Roger Corman produced so many Sword and Sorcery flicks from the 80’s that you would think at least one of them would be worth taking seriously, or at least one of them would have a plot worth rehashing for the sake of people who have not yet seen all of them. You would be wrong. Out of all those terrible movies filmed for Corman in South America, Amazons, is... another.

Ostensibly based on the Charles Saunders story “Agwebe’s Sword,” Amazons stars Ty Randolph, a student of karate fully capable of being naked on film, as Dyala. Dyala is chosen by the Emerald Queen to find the sword of Azundati of which Dyala has had prophetic dreams. On the warpath is the wizard Kalungo (Joseph Whipp), who can shoot people with poorly animated lightning. Azundati’s sword supposedly trumps Kalungo’s magic, and so Dyala sets out to find it with the help of Tashi (Penelope Reed), another young amazon with whom Dyala has feuded in the past. Tashi’s mother, Tashingi (Danitza Kingsley), had fought with Dyala’s mother over a man, losing one of her hands in the process. The animosity passed from mother to daughter, Tashi plans (with her mother’s instruction) to kill Dyala once the magic sword is retrieved and return it to her mother, whose allegiance lies not with the Amazons, for whom she acts as a general, but with Kalungo. Just assume how it ends. You’ll probably be right.

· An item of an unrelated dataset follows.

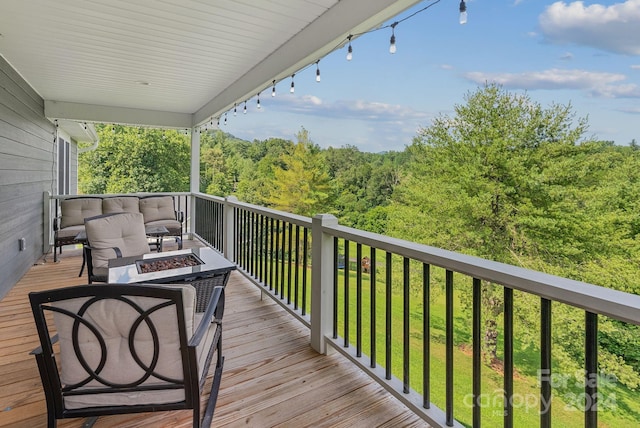 deck with an outdoor living space with a fire pit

It’s a quest movie. Where it should shine -- the unusual places, characters and circumstances encountered along the way; the exhibition of physical skill; the growing relationship of fellow travelers with deep seated resentment for each other -- it does not. Although Penelope Reed seems to take her role seriously enough to actually try conveying emotions and internal conflict and motivation, her earnestness only makes the rest of the production look worse in comparison. The viewer never receives any clue as to the spatial relationships between various places nor the time that it would take to cross from one location to the other: a terrible mistake in a film about a journey, an even greater mistake when there’s a subplot about the impending threat of a murderous sorcerer waiting to attack at any moment.

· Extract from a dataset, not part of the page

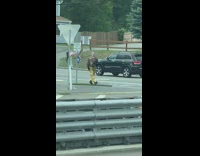 Man yellow satin pants dance USA flag intersection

Looking at the ineptness of the action sequences and special effects, the odd pacing and lack of chronological sense, it becomes clear that the only thing Argentinean director Alejandro Sessa could do was ask women to be more or less naked on film. Whenever things get boring, it’s time for a virgin sacrifice, attempted rape, gratuitous bathing scene, or cheesy soft-core between Kalungo and Tshingi. Aside from the various unnamed Argentinean women who bare their breasts, the trio of Ty Randolph, Penelope Reed and Danitza Kingsley all look nice enough in an eighties-porno chick way -- all bleached out in the head and silicone enhanced, with all the latest in Amazonian cosmetics and hair care products.

We’ve established that Amazons is a bad movie. Its technical qualities are abominable. It exists solely to show big, fake boobs. In terms of both budget and artistic vision, Amazons is actually more impoverished than the usual Roger Corman produced sword-and-sorcery film from the eighties. Now the question: why is any of this worth pointing out?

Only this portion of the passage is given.